**Assignment**
Transcribe the listing below exactly, leaving out each image.

**Dataset section**
--- START ---
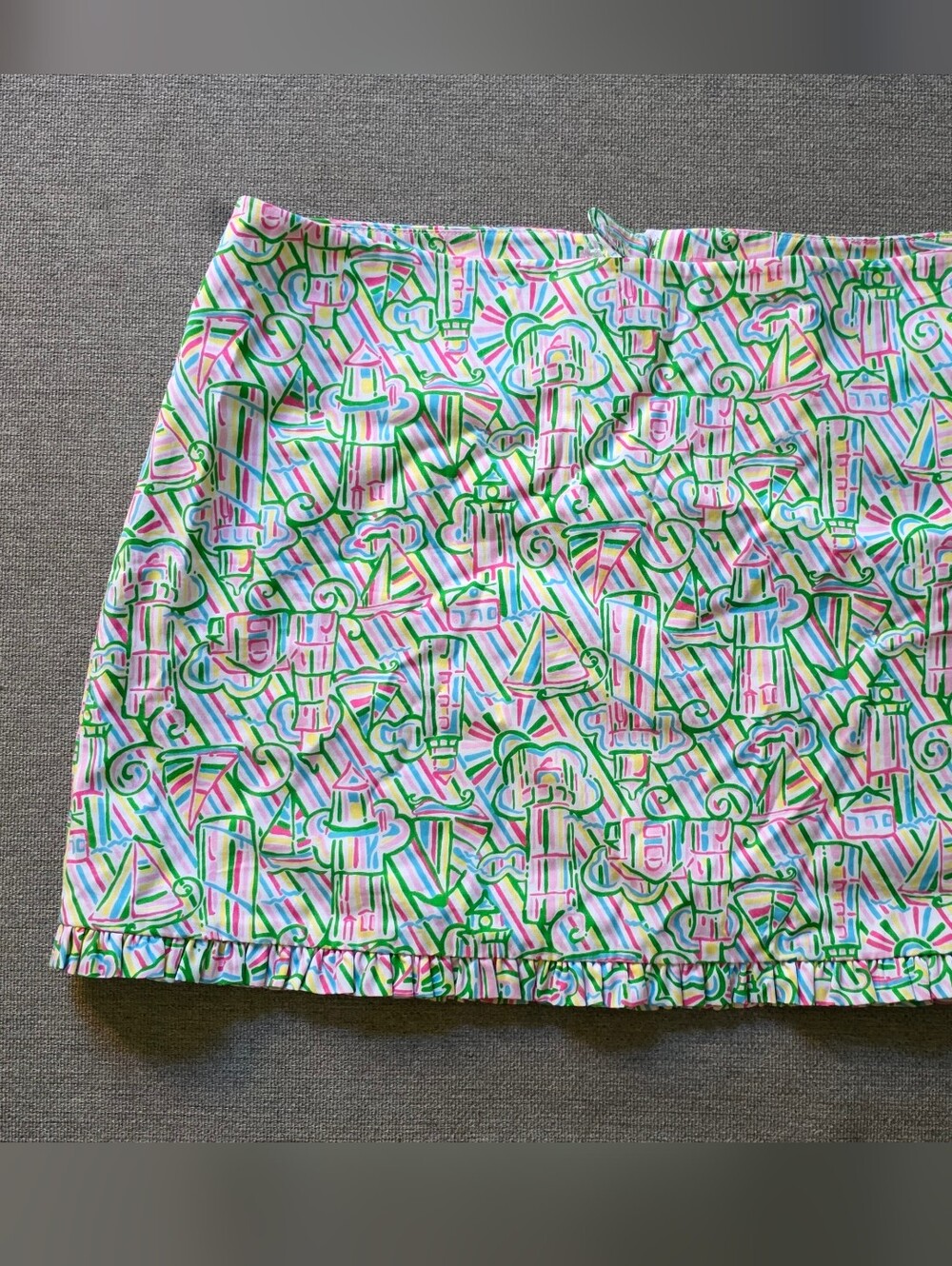 Lilly Pulitzer Multicolor Striped & Swirl Print Skirt — Pink, Green & Blue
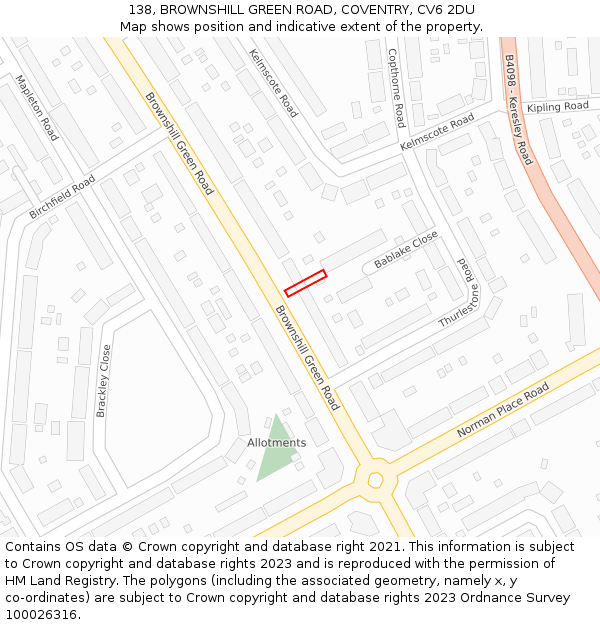 138, BROWNSHILL GREEN ROAD, COVENTRY, CV6 2DU: Location map and indicative extent of plot
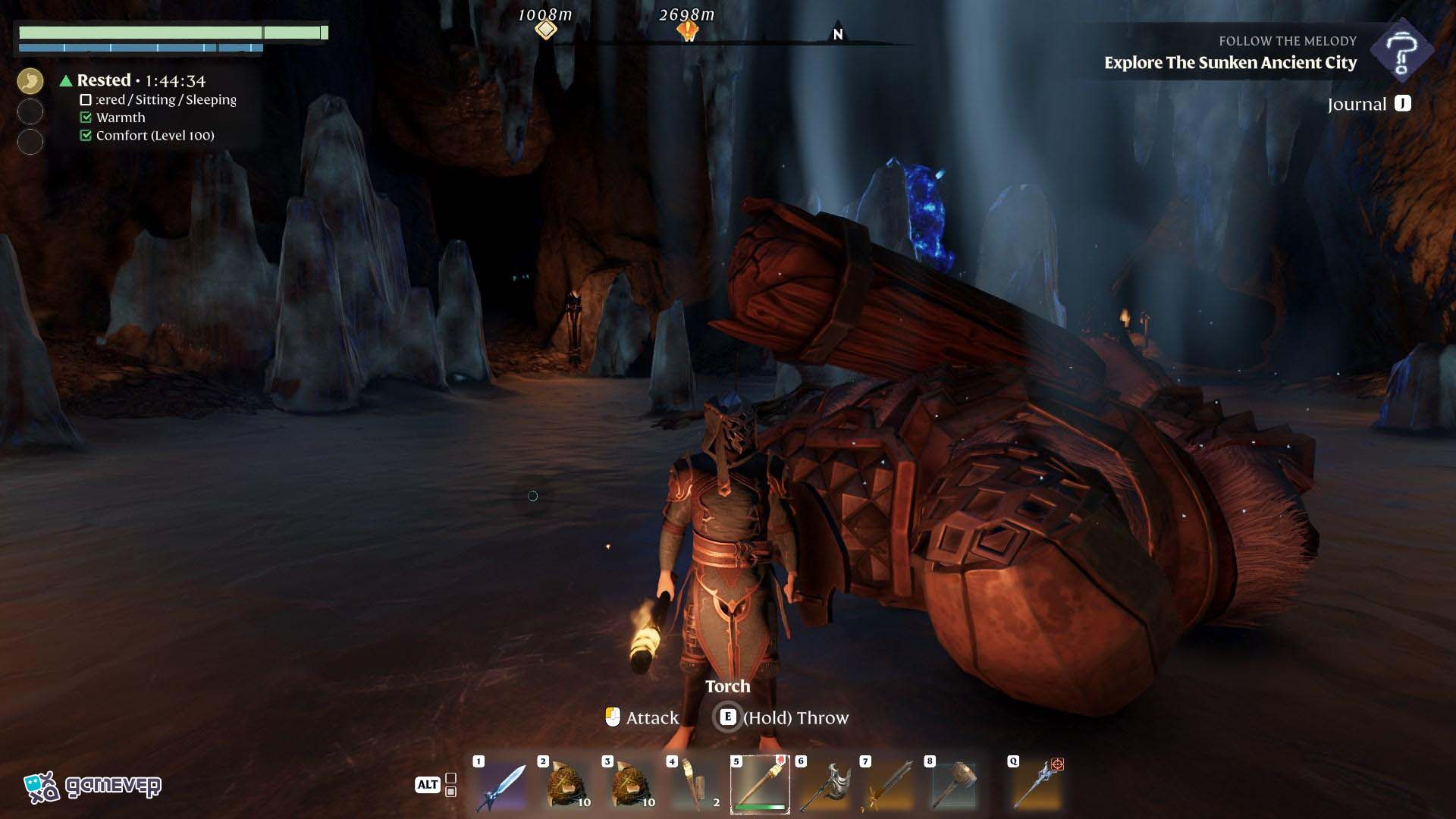 Derrota al cíclope y reclama tu espada en Enshrouded Souls of the Frozen Frontier Update.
--- END ---
**Exercise output**
 Lilly Pulitzer Multicolor Striped & Swirl Print Skirt — Pink, Green & Blue
 138, BROWNSHILL GREEN ROAD, COVENTRY, CV6 2DU: Location map and indicative extent of plot
 Derrota al cíclope y reclama tu espada en Enshrouded Souls of the Frozen Frontier Update.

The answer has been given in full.